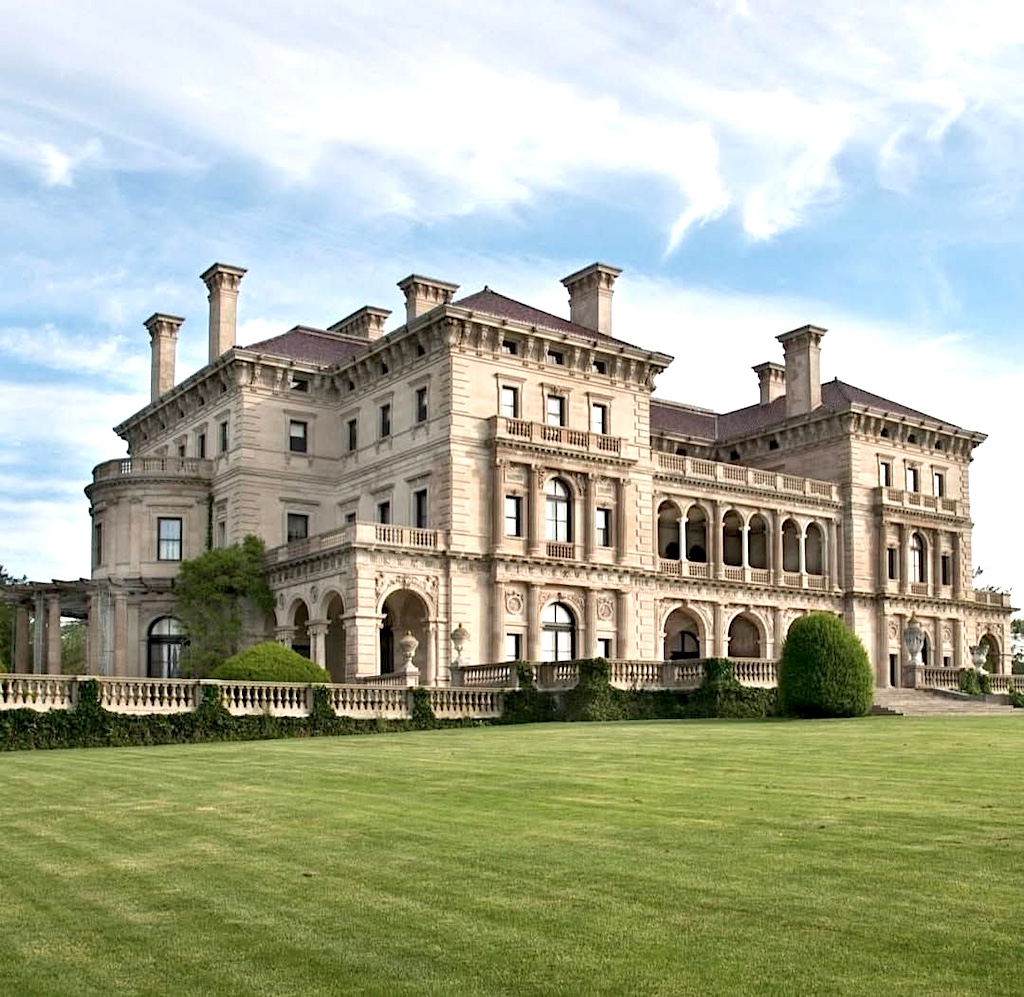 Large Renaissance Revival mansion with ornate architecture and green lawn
--
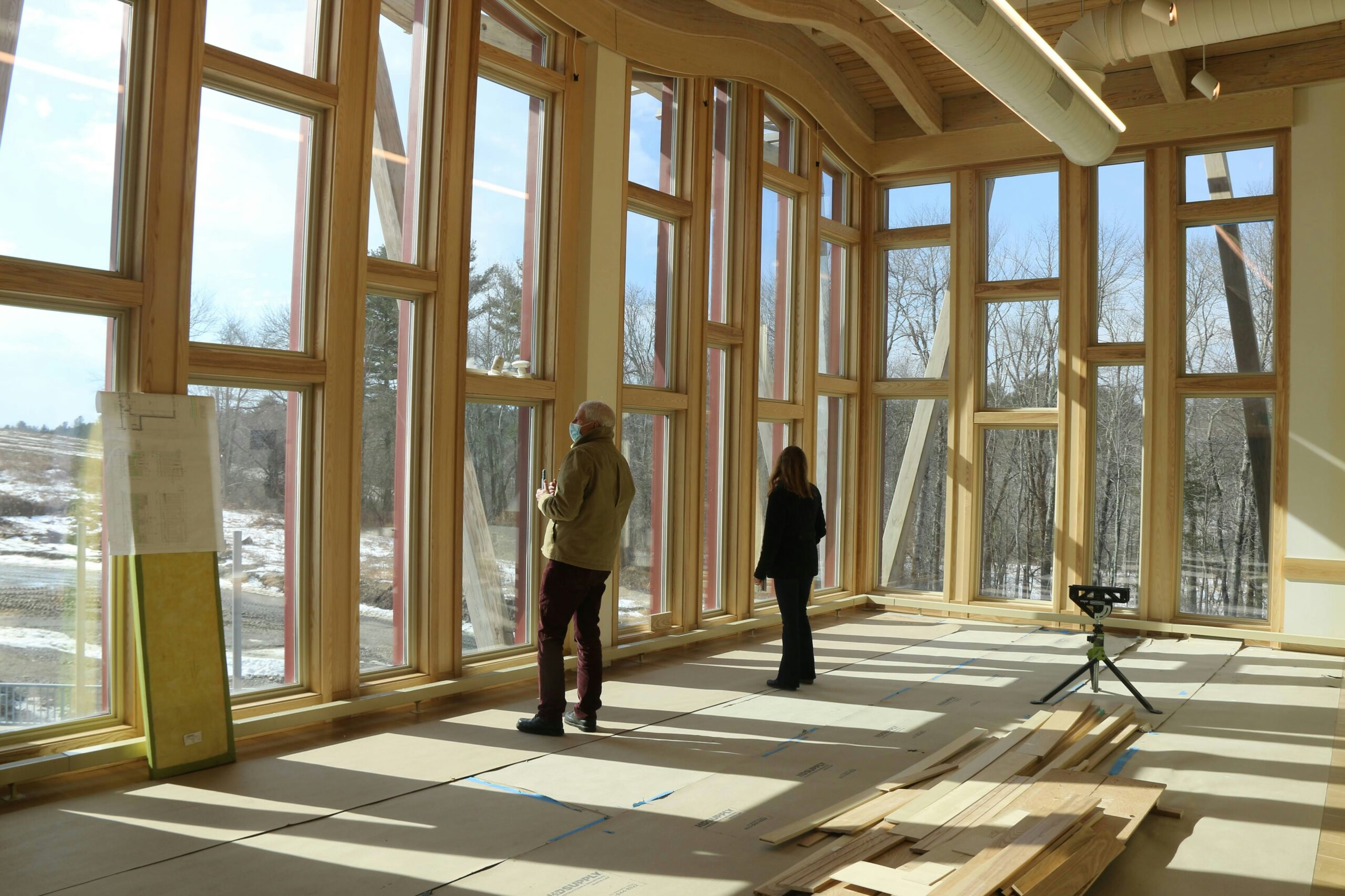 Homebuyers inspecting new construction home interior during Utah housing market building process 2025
...
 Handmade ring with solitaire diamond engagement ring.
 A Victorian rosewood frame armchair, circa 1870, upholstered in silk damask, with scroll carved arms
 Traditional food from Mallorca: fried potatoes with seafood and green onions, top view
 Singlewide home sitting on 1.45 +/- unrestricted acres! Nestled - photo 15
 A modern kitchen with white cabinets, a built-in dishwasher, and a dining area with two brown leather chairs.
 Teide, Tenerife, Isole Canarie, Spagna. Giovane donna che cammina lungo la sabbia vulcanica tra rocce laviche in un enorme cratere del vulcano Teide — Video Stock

| EXERCISE AIM |
Set down, unchanged, only those lines above that fall between the line with "Traditional food from" and the line with "Teide, Tenerife, Isole", the two end lines included.

| WRITTEN RESPONSE |
 Traditional food from Mallorca: fried potatoes with seafood and green onions, top view
 Singlewide home sitting on 1.45 +/- unrestricted acres! Nestled - photo 15
 A modern kitchen with white cabinets, a built-in dishwasher, and a dining area with two brown leather chairs.
 Teide, Tenerife, Isole Canarie, Spagna. Giovane donna che cammina lungo la sabbia vulcanica tra rocce laviche in un enorme cratere del vulcano Teide — Video Stock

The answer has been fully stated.